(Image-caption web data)

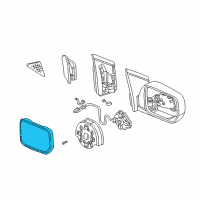 OEM 2003 Acura MDX Mirror Sub-Assembly, Driver Side (Heated) Diagram - 76253-S3V-A12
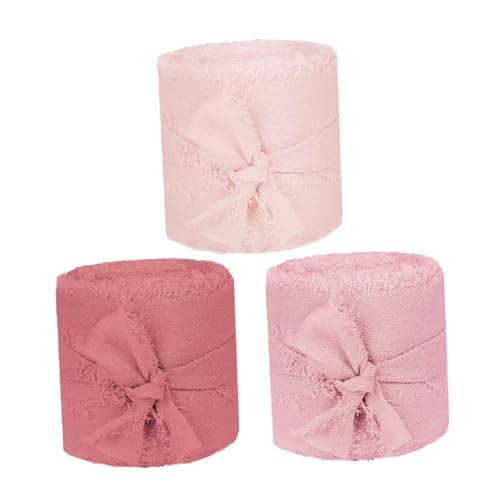 UKCOCO 3 Rollen Hochzeitseinladungsband Weihnachtsbänder Satinband Brautduschenpapier Blumenstraußband Straußzubehör Leckerliband für den Abschluss Bänder für Handwerk Randband Chiffon UKCOCO 3 Rollen Hochzeitseinladungsband Weihnachtsbänder Satinband Brautduschenpapier Blumenstraußband Straußzubehör Leckerliband für den Abschluss Bänder für Handwerk Randband Chiffon von UKCOCO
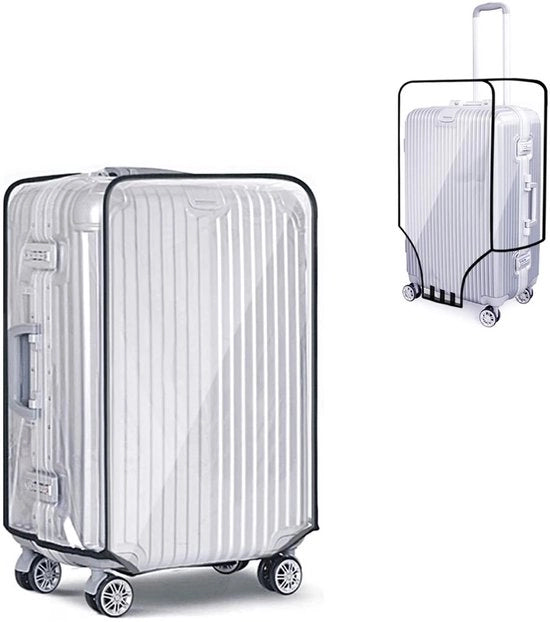 Cassetti per bagagli - Protezione bagagli - Transparente e antiscivolo - 76 cm - Copertura bagagli in PVC - Ideale per viaggi - Adatto per 28 EU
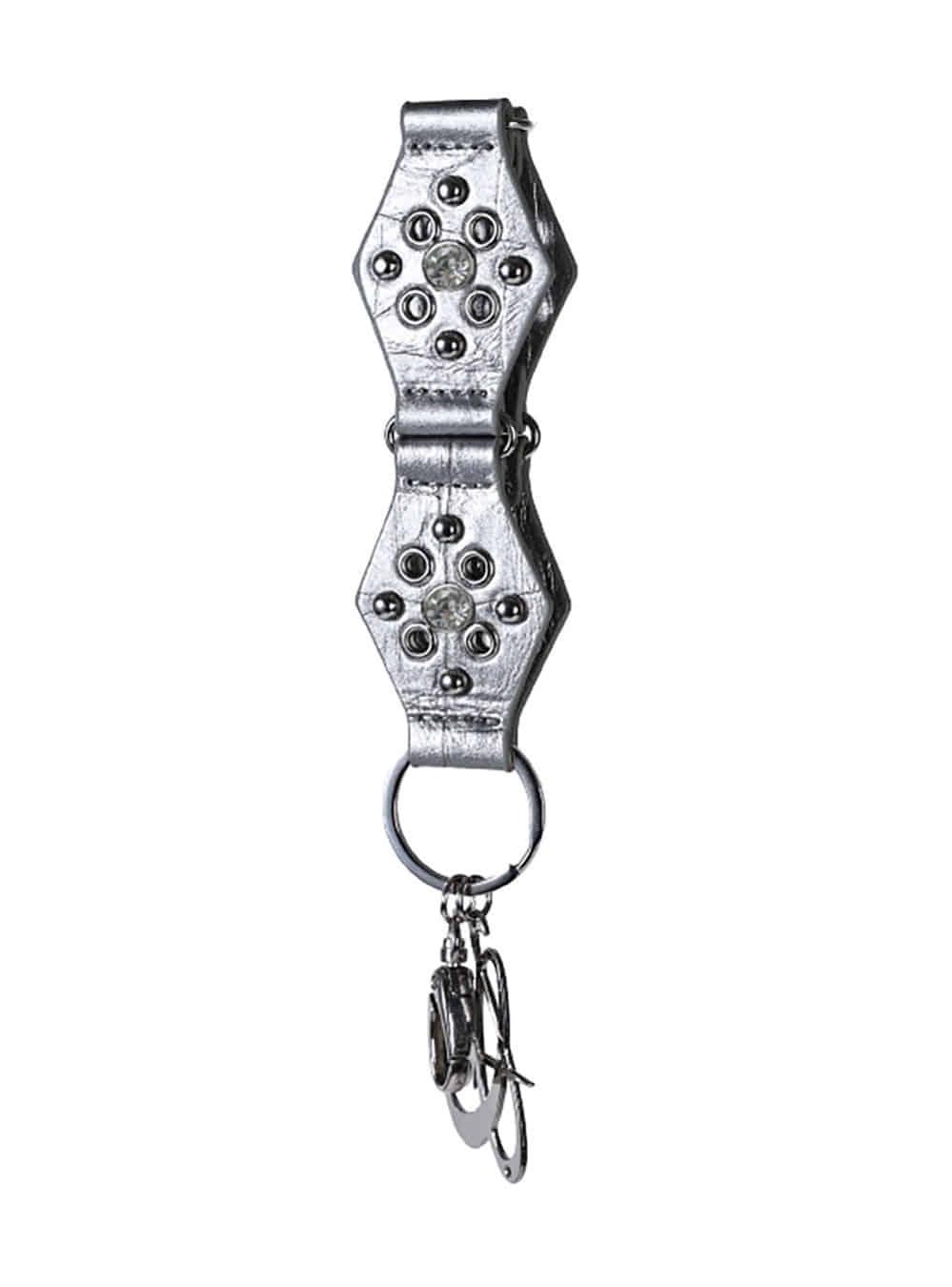 Retro Detail Leather Keyring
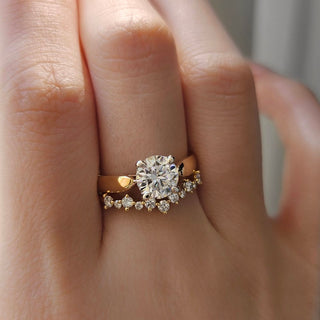 1.20 CT Round Cut Solitaire Moissanite Engagement Ring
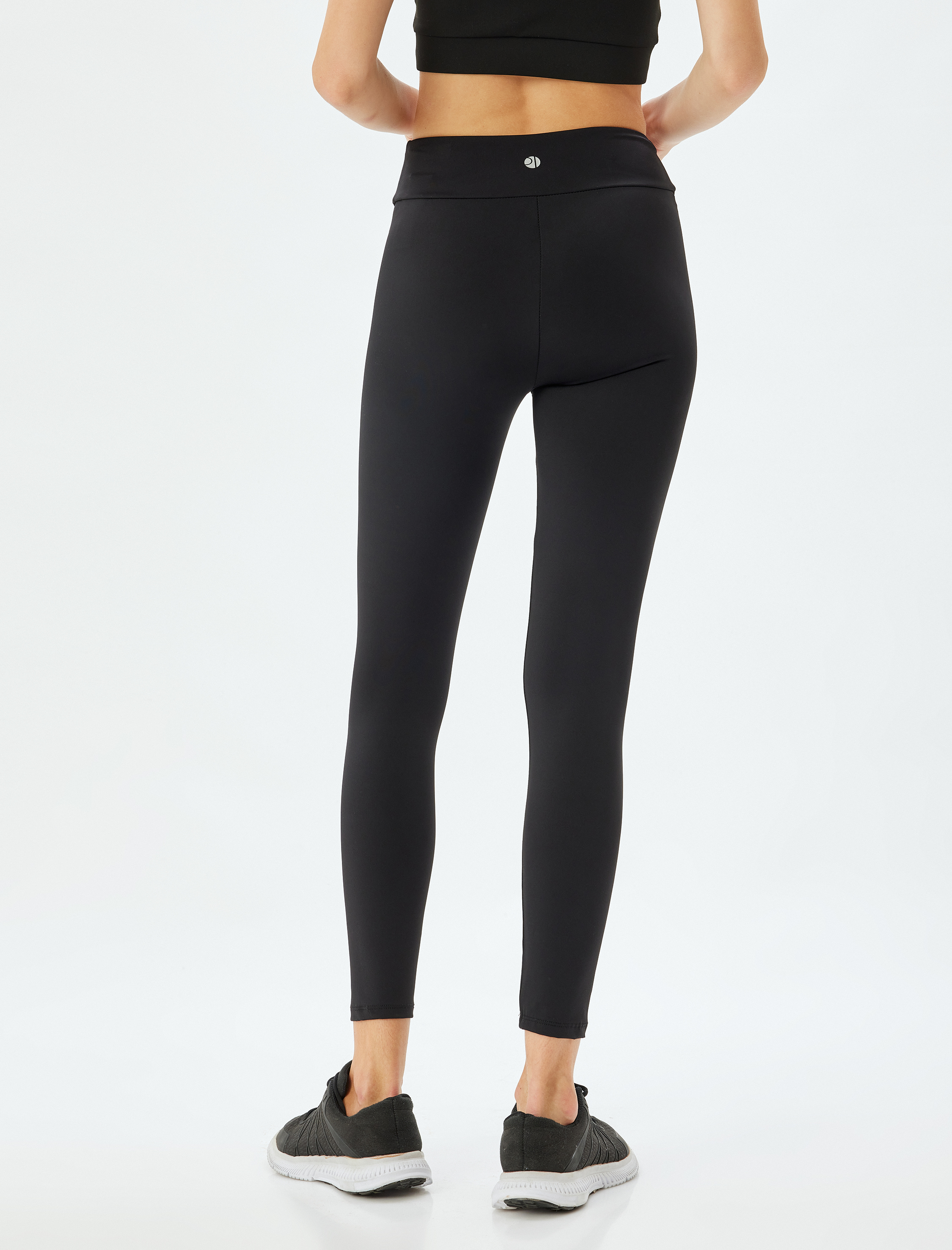   Basic Yüksek Bel Dar Kesim Yumuşak Tuşe Spor Tayt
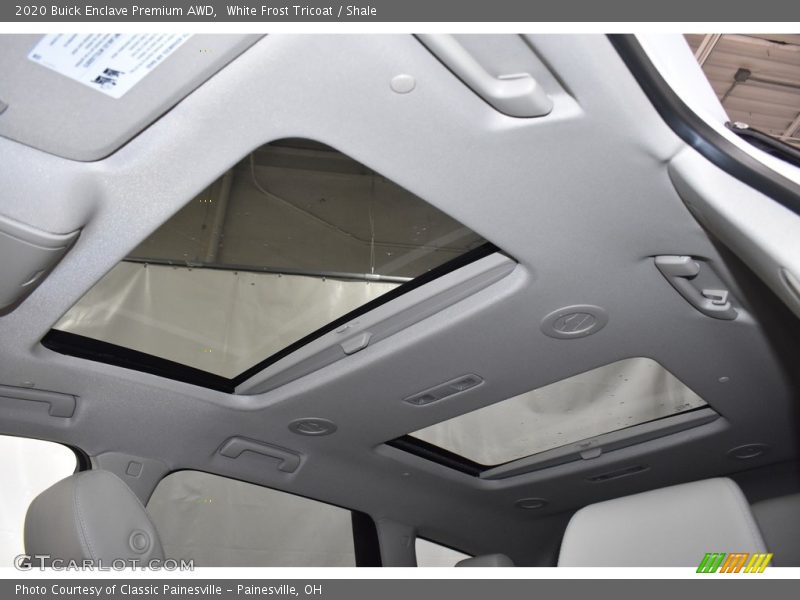White Frost Tricoat / Shale 2020 Buick Enclave Premium AWD
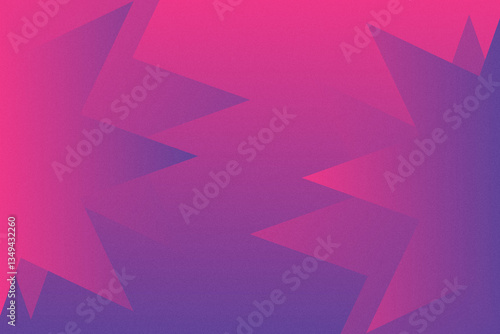 Triangular and Triangle Shapes and Designs Purple and Red Colors Grainy Texture Modern Abstract Background Geometric Background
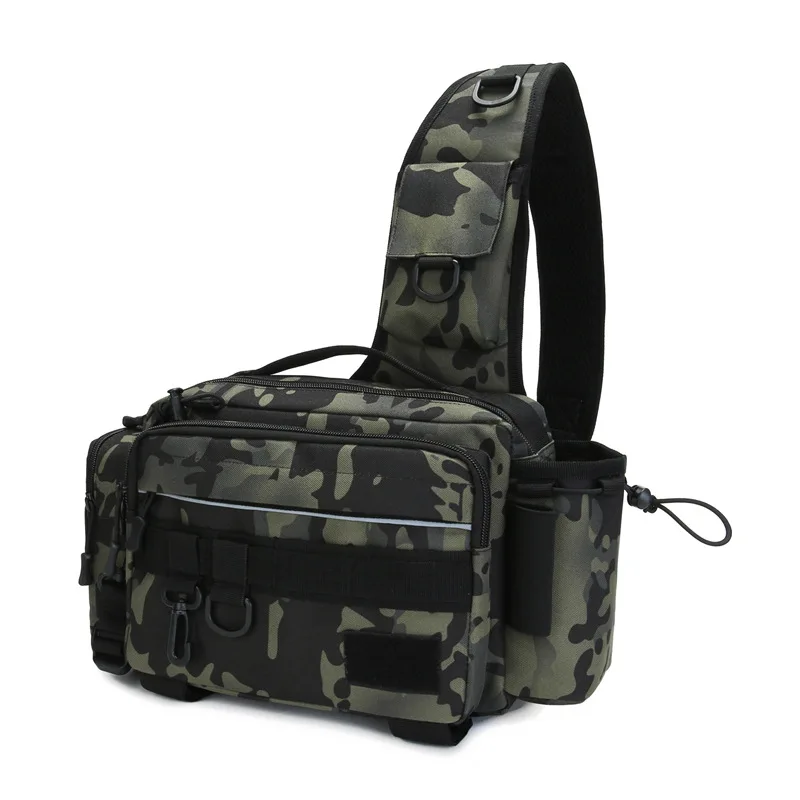 Outdoor Hunting Backpack - 大容量の多機能ウエストバッグ,ハンティングショルダーバッグ,釣り道具バッグ,屋外釣り収納バッグ,ルヤ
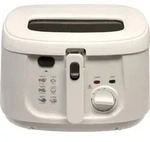 DESKI 1800 Watt 2,5 Liter Fritteuse wei&szlig; 613-400470 - Wei&szlig;
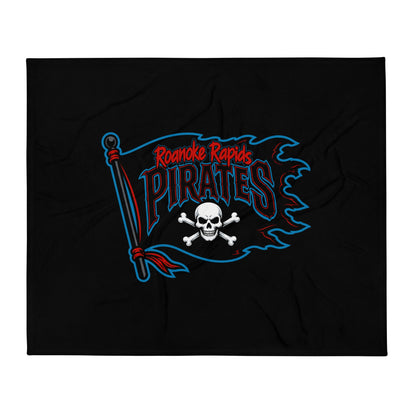 Throw Blanket | Roanoke Rapids Pirates | Blackwave Flag Logo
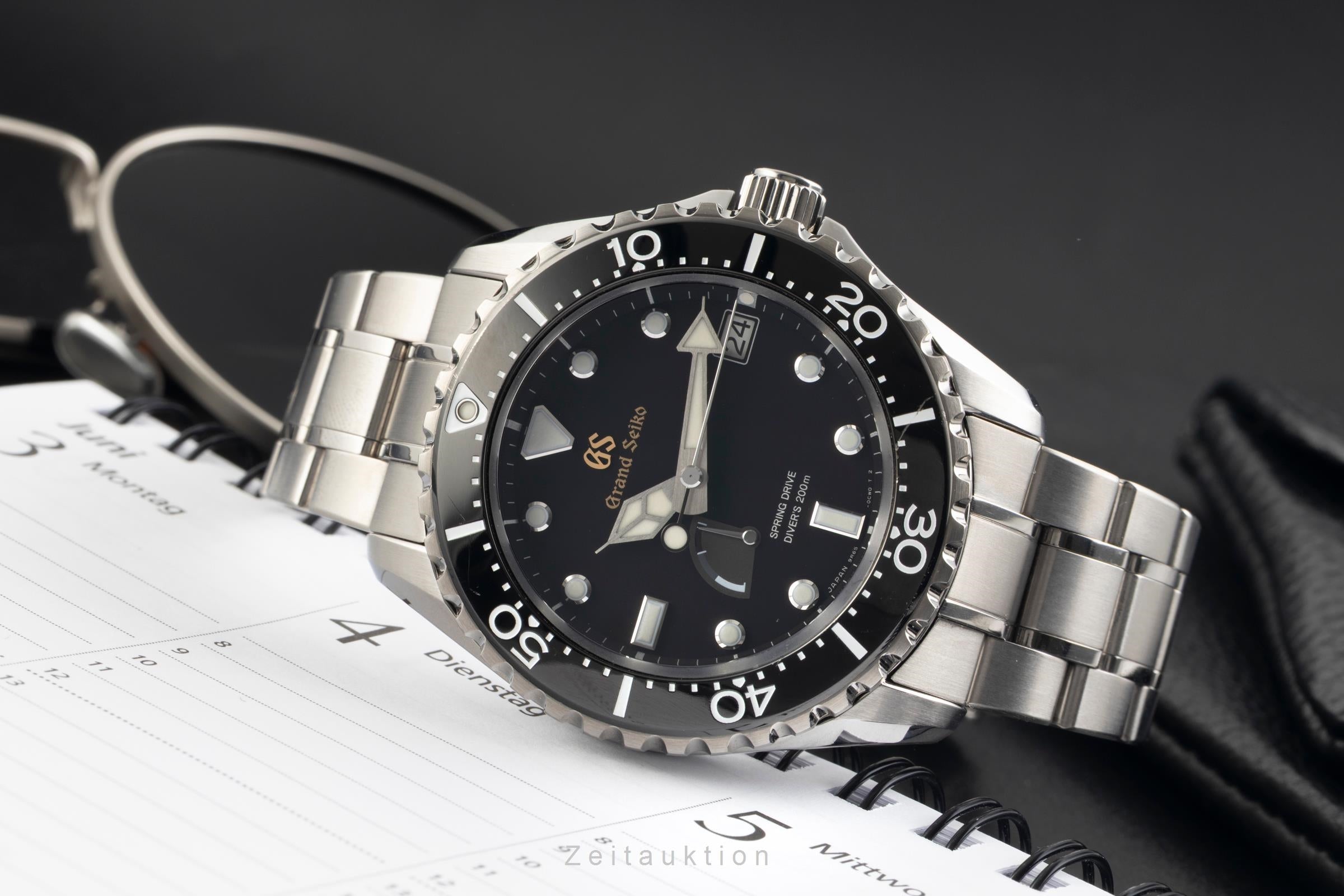 Grand Seiko Sport Spring Drive titanium automatic men's watch SBGA463 LP: 0EUR  [2601697]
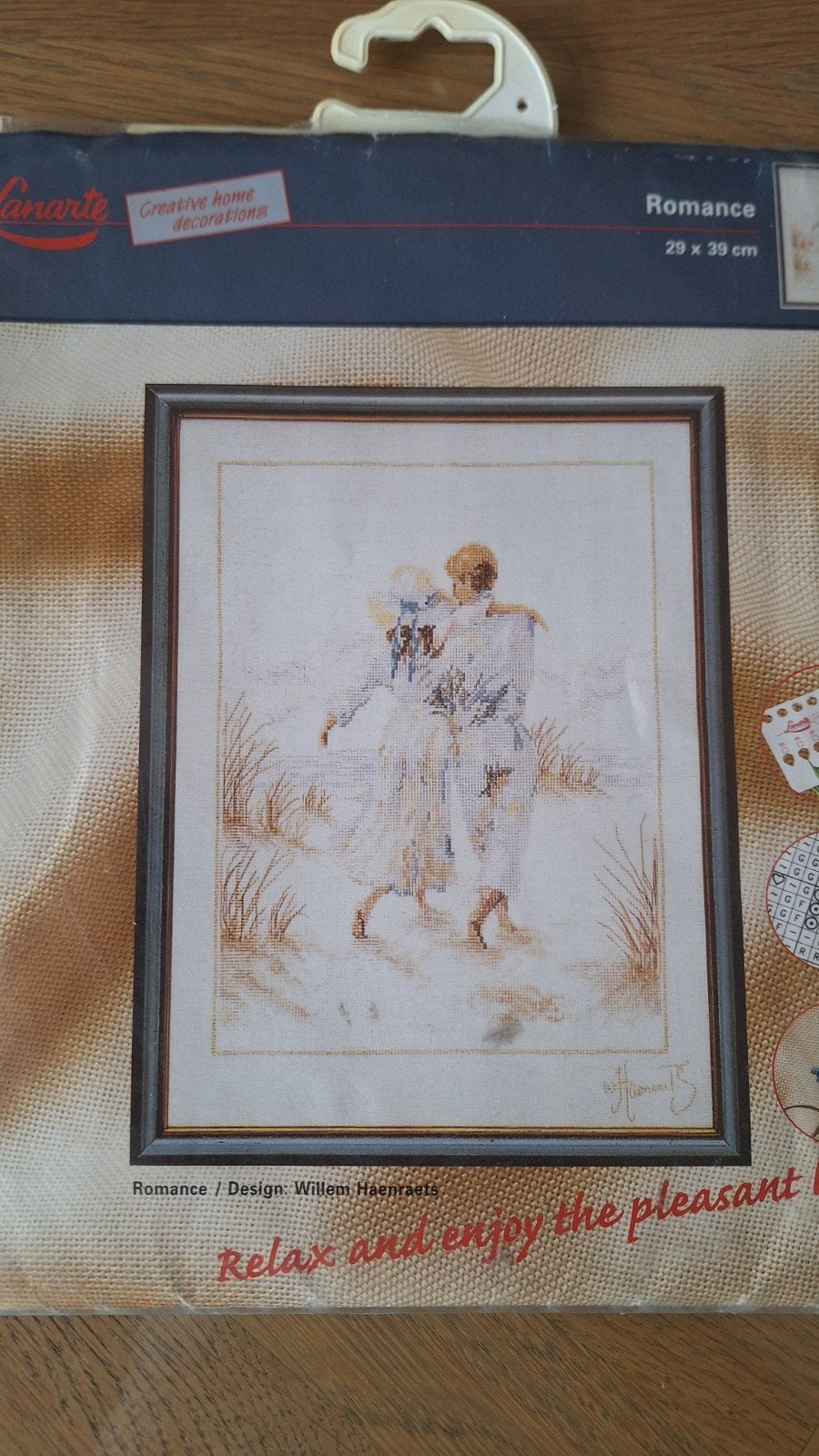 Borduurpakket merk Lanarte., Ophalen of Verzenden, Zo goed als nieuw, Handborduren, Borduurpakket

Problem to work on »
Give back all of the data exactly, but not the pictures.

Result of this exercise »
 OEM 2003 Acura MDX Mirror Sub-Assembly, Driver Side (Heated) Diagram - 76253-S3V-A12
 UKCOCO 3 Rollen Hochzeitseinladungsband Weihnachtsbänder Satinband Brautduschenpapier Blumenstraußband Straußzubehör Leckerliband für den Abschluss Bänder für Handwerk Randband Chiffon UKCOCO 3 Rollen Hochzeitseinladungsband Weihnachtsbänder Satinband Brautduschenpapier Blumenstraußband Straußzubehör Leckerliband für den Abschluss Bänder für Handwerk Randband Chiffon von UKCOCO
 Cassetti per bagagli - Protezione bagagli - Transparente e antiscivolo - 76 cm - Copertura bagagli in PVC - Ideale per viaggi - Adatto per 28 EU
 Retro Detail Leather Keyring
 1.20 CT Round Cut Solitaire Moissanite Engagement Ring
   Basic Yüksek Bel Dar Kesim Yumuşak Tuşe Spor Tayt
White Frost Tricoat / Shale 2020 Buick Enclave Premium AWD
 Triangular and Triangle Shapes and Designs Purple and Red Colors Grainy Texture Modern Abstract Background Geometric Background
 Outdoor Hunting Backpack - 大容量の多機能ウエストバッグ,ハンティングショルダーバッグ,釣り道具バッグ,屋外釣り収納バッグ,ルヤ
 DESKI 1800 Watt 2,5 Liter Fritteuse wei&szlig; 613-400470 - Wei&szlig;
 Throw Blanket | Roanoke Rapids Pirates | Blackwave Flag Logo
 Grand Seiko Sport Spring Drive titanium automatic men's watch SBGA463 LP: 0EUR  [2601697]
 Borduurpakket merk Lanarte., Ophalen of Verzenden, Zo goed als nieuw, Handborduren, Borduurpakket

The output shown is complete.